In a detailed assessment of the IDF’s capabilities, Kenneth Brower argues that in many ways it is mightier than many Israelis realize. Through air power alone, Brower contends, Israel could likely cripple the entire Russian expeditionary force in Syria in less than hour. And that’s not all:
Israel can defeat any conceivable Russian expeditionary force, but obviously cannot defeat Russia or reach Moscow. Similarly, Russia cannot defeat Israel or reach Jerusalem. . . . Israel can [also] defeat Iran and its proxies at a relatively acceptable cost—but only if there is decisive Israeli political and military leadership, which is now lacking. If military power has to be used preemptively to neutralize the Iranian nuclear threat, Israel, acting unilaterally, is far more militarily capable than the U.S.
[Indeed], neither the U.S. nor Russia can project meaningful conventional military power into the Middle East unless they are provided with both many months to mobilize and the absence of opposition during the long process of deployment. This conclusion implies that any U.S.-proposed mutual defense treaty offered to Israel would be militarily meaningless. Moreover, . . . any such treaty would actually result in significantly diminished Israeli national security.
Nonetheless, writes Brower, there is no reason for Jerusalem to maintain delusions of invincibility. First, it lacks the ability to mobilize its ground forces as quickly and effectively as it once could. Second, there is the dangerous possibility of Iran attacking both directly and through its proxies from Syria, Lebanon, and Gaza, while also launching missiles directly from its own soil. Such an attack would quickly overwhelm the IDF’s top-notch missile-defense systems.
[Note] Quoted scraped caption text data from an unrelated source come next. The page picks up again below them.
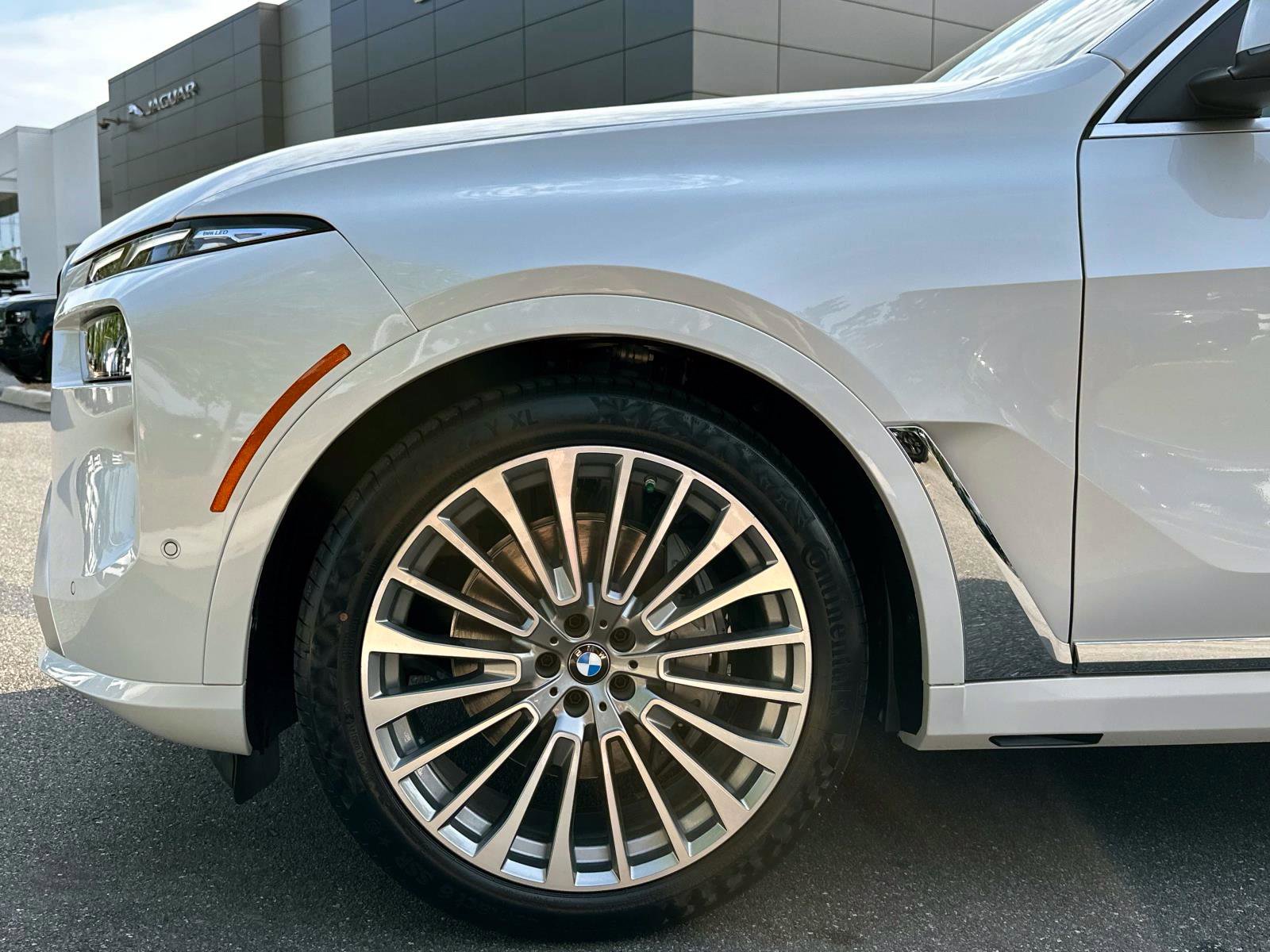 New 2026 BMW X7 xDrive40i w/ Premium Package image 10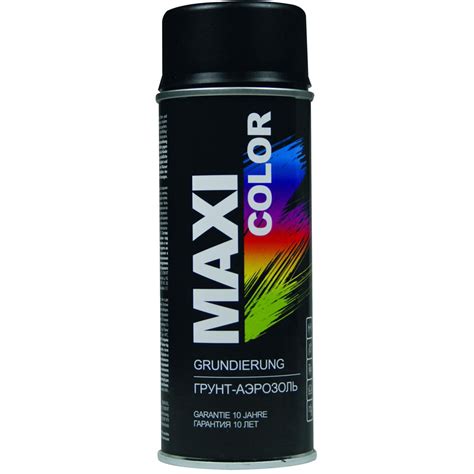 nuotrauka, kurioje matomas purškiamas gruntas, purškiamas ant automobilio detalės iš saugaus atstumo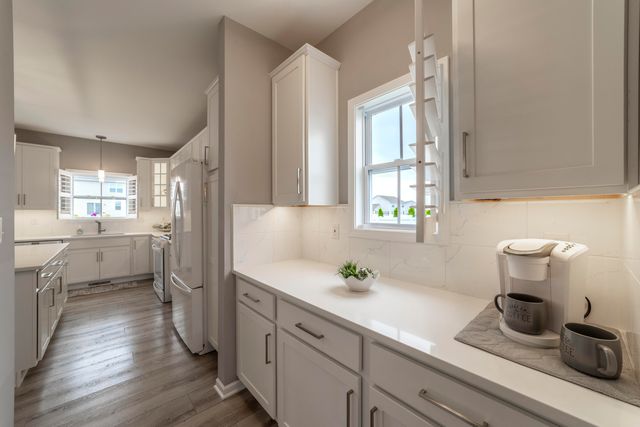 11163 Fayette Street, Crown Point, IN 46307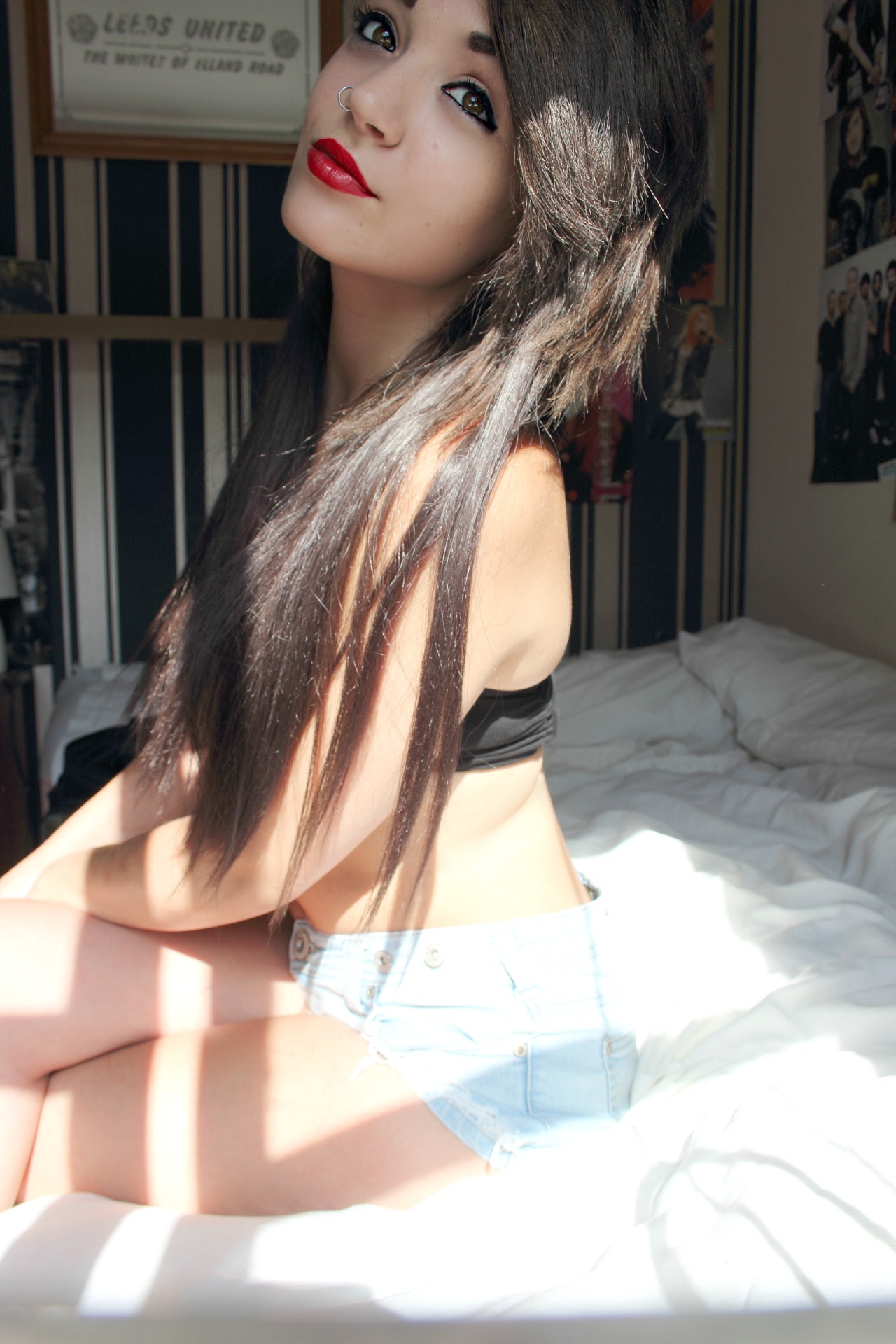   yoshisnortscoke follow @bombfemalesandcuties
To protect against such a scenario, Jerusalem must be willing to learn the lessons of both the 1967 and the Yom Kippur wars, and be willing to launch a preemptive attack:
If Israel were to hand Iran the initiative and allow it to launch a surprise attack on Israel that combines massive missile and rocket barrages with large-scale infantry raids across its northern and Gaza borders, Israel’s air defenses would be saturated, its vital military and civilian infrastructure would be heavily damaged, the mobilization of Israeli military reserves would be significantly delayed and disrupted, there would be heavy Israeli civilian casualties, and both Israeli civilian and military personnel would become prisoners of war. In short, it would be extremely painful if Israel chose not to preempt its enemies.